I have a somewhat intricate solution.
. . Maybe someone can do better . . .

Quote:

$\displaystyle \log _{\frac{1}{3}}x \;>\; \log _{x}3 - 2.5$ .[1]

I converted the terms to the same base.

$\displaystyle \text{Let: }\log_{\frac{1}{3}}(x) \:=\:P \quad\Rightarrow\quad \left(\frac{1}{3}\right)^P =\:x$

. . Take logs: .$\displaystyle \ln\left(\frac{1}{3}\right)^P =\:\ln(x) \quad\Rightarrow\quad P\ln\left(\frac{1}{3}\right) \:=\:\ln(x)$

. . $\displaystyle P\ln\left(3^{-1}\right) \:=\:\ln(x) \quad\Rightarrow\quad-P\ln(3) \:=\:\ln(x) \quad\Rightarrow\quad P \:=\:-\frac{\ln(x)}{\ln(3)}$

. . Hence: .$\displaystyle \log_{\frac{1}{3}}(x) \;=\;-\frac{\ln(x)}{\ln(3)}$ .[2]

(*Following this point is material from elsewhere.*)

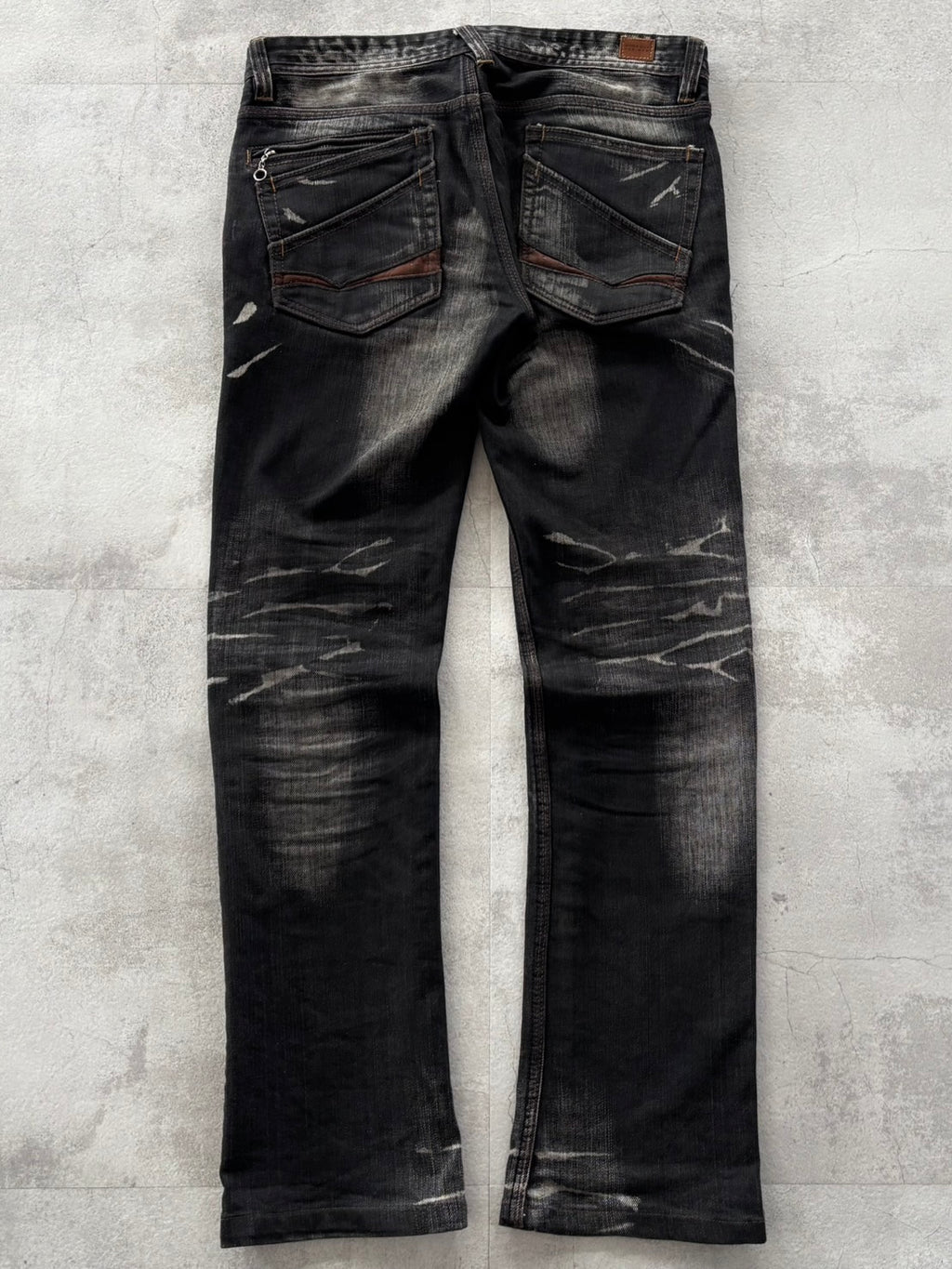 NICOLE CLUB SHADOW SCRATCH DENIM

From the Base-Change Formula: .$\displaystyle \log_x(3) \:=\:\frac{\ln(3)}{\ln(x)}$ .[3]

Substitute [2] and [3] into [1]: .$\displaystyle -\frac{\ln(x)}{\ln(3)} \;> \;\frac{\ln(3)}{\ln(x)} - 2.5$

We have: .$\displaystyle -\frac{\ln(x)}{\ln(3)} - \frac{\ln(3)}{\ln(x)} + 2.5 \;>\;0 \quad\Rightarrow\quad \frac{\ln(x)}{\ln(3)} + \frac{\ln(3)}{\ln(x)} - 2.5 \;<\;0$

Let $\displaystyle u \:=\:\frac{\ln(x)}{\ln(3)} \quad\Rightarrow\quad u + \frac{1}{u} - 2.5 \;<\;0$

Muliply by $\displaystyle u\!:\;\;u^2 + 1 - 2.5u \;<\;0$ . . . assuming $\displaystyle u > 0\;\;(x > 1)$

Multiply by 2: .$\displaystyle 2u^2 - 5u + 2 \;<\;0\quad\Rightarrow\quad (u-2)(2u-1) \;<\;0$

There are two cases:

. . $\displaystyle \begin{array}{ccc}u-2\:>\:0 & \Rightarrow & u \:>\:2 \\ 2u-1 \:<\:0 & \Rightarrow & u \:<\:\frac{1}{2}\end{array}\quad\hdots \text{ impossible}$

. . $\displaystyle \begin{array}{ccc}u-2 \:<\:0 & \Rightarrow & u \:<\:2 \\ 2u-1 \:>\:0 & \Rightarrow & u \:>\:\frac{1}{2}\end{array}\quad \hdots\;\tfrac{1}{2}\:<\:u\:<\:2$

Then we have: . $\displaystyle \tfrac{1}{2}\;<\:\frac{\ln(x)}{\ln(3)} \;<\;2$

Multiply by $\displaystyle \ln(3)\!:\;\;\tfrac{1}{2}\ln(3) \;<\;\ln(x) \;<\;2\ln(3) \quad\Rightarrow\quad \ln\left(3^{\frac{1}{2}}\right) \;<\;\ln(x) \;<\;\ln\left(3^2\right)$

Therefore: .$\displaystyle \boxed{\sqrt{3}\;<\;x\;<\;9}$

• Oct 19th 2008, 07:26 AM
sosgf
put y = lnx/ln3 ===> -y > 1/y - 5/2

2y^2 -5y + 2 < 0 ===> 1/2< y < 2 ===> rotsq( 3) < x < 9